Wat vertelt deze verzameling berichten ons? In ieder geval niet dat autorijden zo duur is. De belangstelling voor autokilometers is zo overweldigend dat mensen er dagelijks voor in kilometers lange rijen willen staan. Een verlaging van de benzineprijs via de accijnzen is vanuit dat perspectief dan ook niet erg logisch. Een lippendienst aan klagend Nederland.

Hoe duur is benzine eigenlijk? Goed, een liter heeft nog nooit 1,50 euro gekost. En natuurlijk ontsnapt ook aan mij wel eens een harde vloek als de teller ergens vlak boven de 100 euro (hon-derd eur-o!) tot stilstand komt. Maar ik rij en er geen meter minder om, en ik koop ook geen goedkopere/zuiniger auto. Net als miljoenen landgenoten. We kunnen het kennelijk hebben.

Dat is goed te verklaren. Het CBS publiceert zowel de benzineprijzen als de inflatie sinds 1962. Voor een goede vergelijking moet de benzineprijs uit 1962 (21 eurocent per liter) natuurlijk wel worden gecorrigeerd voor het feit dat het algemeen prijsniveau in 1962 bijna 5,5 keer lager lag dan in 2007. De koopkracht van de euro/gulden wordt jaarlijks minder maar de lonen compenseren daarvoor. In dezelfde euro's uitgedrukt kostte een liter benzine in 1962 1,11 euro. Begin jaren 80 kostte een liter benzine rond de 1,30 euro en de laatste jaren is de reële benzineprijs gestegen naar het huidige niveau van dik anderhalve euro. De hele grafiek geeft een behoorlijk vlakke lijn met een licht stijgende tendens.

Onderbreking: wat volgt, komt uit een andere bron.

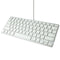 Apple Wired USB 78-Key Keyboard for Mac OS - Silver/White (A1242/MB869LL/A)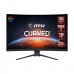 MSI MAG 325CQRF-QD WQHD (2560x1440) Quantum Dot 1000R Curved Gaming Monitor with RGB Lighting, 170Hz, FreeSync Premium, Rapid VA, 31.5"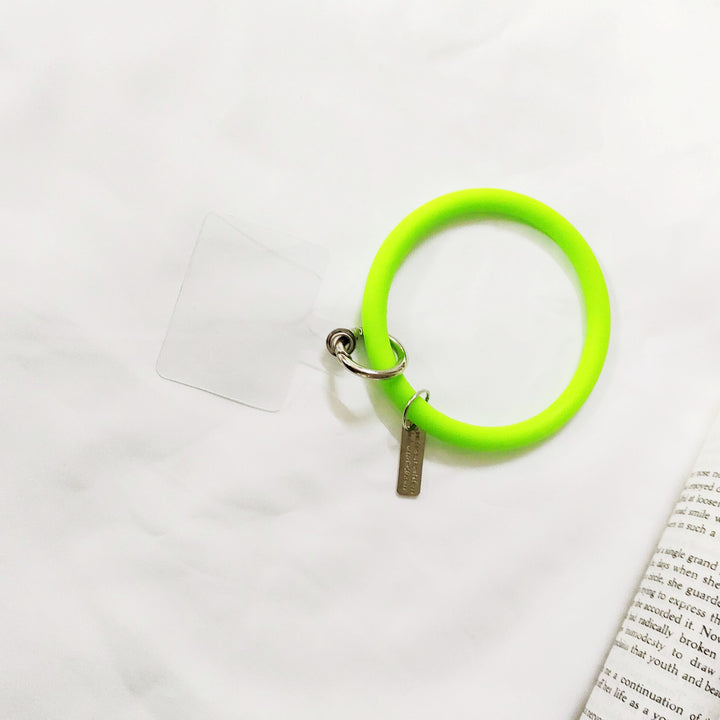 Durable Silicone Keyring Holder Stornfield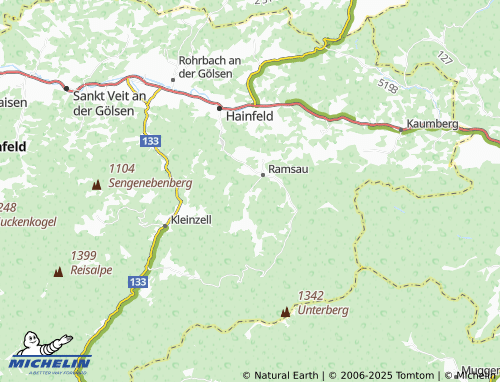 Carte MICHELIN Schneidbach - ViaMichelin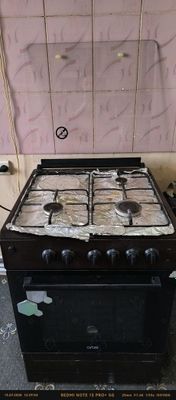 газ плита электрическая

In bijna een halve eeuw is benzine dus 35 procent duurder geworden. Ondertussen is onze welvaart (reëel besteedbaar inkomen) veel sneller gestegen dan de inflatie. Als onderdeel van onze totale inkopen is benzine minder belangrijk geworden. Daar komt bij dat de benzinekosten via de juiste keus van het type auto goed zijn te compenseren. 1 liter op 20 kilometer is tegenwoordig goed haalbaar, zelfs in redelijk comfortabele auto's.

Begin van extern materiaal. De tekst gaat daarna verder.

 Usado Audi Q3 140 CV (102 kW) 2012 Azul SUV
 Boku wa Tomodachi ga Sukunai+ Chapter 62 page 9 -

Benzine is natuurlijk maar een onderdeel van de autokosten. Het is wel de kostenpost met de hoogste gevoelstemperatuur, niet in de laatste plaats omdat de staatskas heel erg staat mee te tanken. Maar ook de andere kostenposten (afschrijvingen, financiering, onderhoud, verzekeringen, belastingen) zijn (reëel) niet gestegen, zeker voor automobilisten die hun auto goed selecteren. Voor wie de auto omschrijft als een manier om redelijk snel en droog van A naar B te komen, is autorijden niet duur. De echte kosten zitten in status, luxe, nodeloos motorvermogen en accessoires die met vervoer weinig te maken hebben.